Arseam

International Journal of Education & Applied Sciences Research

OPTIMIZING DEEP REINFORCEMENT LEARNING FOR BOARD GAMES: A COMPARATIVE STUDY OF DQN AND PPO ON LUDO WITH STRUCTURED STATE ENCODING

Dr. S.K. Manju Bargavi, Adithya Tej BM, Abhishek Sharma, Addwin Antony Stephen, Deekshith Gowda R, Nitin Rajgor

Dr. S.K. Manju Bargavi, Professor, Department of Computer Science & IT, Jain (Deemed-To-Be-University), Bangalore, India

Adithya Tej BM, Abhishek Sharma, Addwin Antony Stephen, Deekshith Gowda R, Nitin Rajgor, Department of Computer Science & IT, JAIN UNIVERSITY, Bengaluru, India

DOI : https://doi.org/10.5281/zenodo.20110738 Page No : 20-24

Published Online : 2026-05-10

Download Full Article : PDF Check for Updates

ABSTRACT

Ludo presents an interesting testbed for reinforcement learning research: its state space sits at roughly 10^22 possible configurations, placing it in the same ballpark as Backgammon, while the mandatory dice roll at the start of every turn introduces a layer of stochastic uncertainty that purely deterministic games such as Chess or Go do not have. The only prior RL study specifically targeting Ludo—Alhajry, Alvi, and Ahmed (IEEE CIG 2012)—trained TD(λ) and Q-Learning agents over flat 240-dimensional state vectors and documented win rates of 66% against random opponents and 30% against an expert player. Our work revisits this benchmark with two considerably more modern deep RL algorithms: a Double Dueling DQN incorporating Prioritized Experience Replay, and PPO trained concurrently across eight parallel environments. We additionally introduce a structured four-channel CNN state encoding that treats token positions as spatial layout on the board rather than as a concatenated flat vector. Keeping the same expert opponent and the exact reward values from the 2012 paper, our strongest configuration—PPO paired with the structured CNN encoder—attains 83.7% against random and 42.3% against the expert, representing gains of 17.7 and 12.3 percentage points respectively. An ablation study shows that the CNN encoding alone accounts for roughly half of this improvement, independent of which algorithm is used. All code, training scripts, and evaluation tools are publicly available.

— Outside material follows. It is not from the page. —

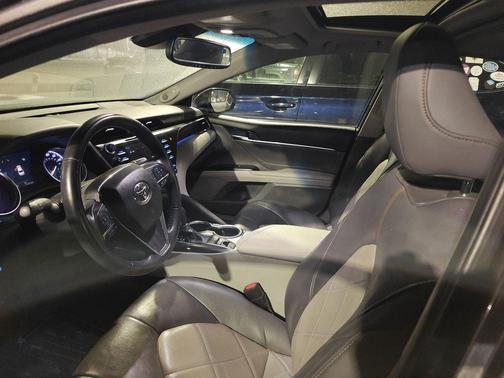 2018 Toyota Camry Hybrid XLE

Keywords—Deep Reinforcement Learning; Ludo; DQN; PPO; CNN Encoding; Board Game AI; Reward Shaping; Ablation Study

References

[1] M. Alhajry, F. Alvi, and M. Ahmed, "TD(lambda) and Q-Learning Based Ludo Players," in Proc. IEEE Conf. Comput. Intell. Games (CIG), Granada, Spain, 2012, pp. 83-90.

[2] D. Silver, T. Hubert, J. Schrittwieser et al., "A general reinforcement learning algorithm that masters Chess, Shogi, and Go through self-play," Science, vol. 362, no. 6419, pp. 1140-1144, Dec. 2018.

[3] F. Alvi and M. Ahmed, "Complexity Analysis and Playing Strategies for Ludo and its Variant Race Games," in Proc. IEEE Conf. Comput. Intell. Games (CIG), Seoul, South Korea, 2011, pp. 134-141.

[4] V. Mnih, K. Kavukcuoglu, D. Silver et al., "Human-level control through deep reinforcement learning," Nature, vol. 518, no. 7540, pp. 529-533, Feb. 2015.

[5] H. van Hasselt, A. Guez, and D. Silver, "Deep reinforcement learning with Double Q-learning," in Proc. 30th AAAI Conf. Artif. Intell., Phoenix, AZ, 2016, pp. 2094-2100.

[6] Z. Wang, T. Schaul, M. Hessel, H. van Hasselt, M. Lanctot, and N. de Freitas, "Dueling network architectures for deep reinforcement learning," in Proc. 33rd ICML, New York, NY, 2016, pp. 1995-2003.

[7] T. Schaul, J. Quan, I. Antonoglou, and D. Silver, "Prioritized experience replay," in Proc. ICLR, San Juan, Puerto Rico, 2016.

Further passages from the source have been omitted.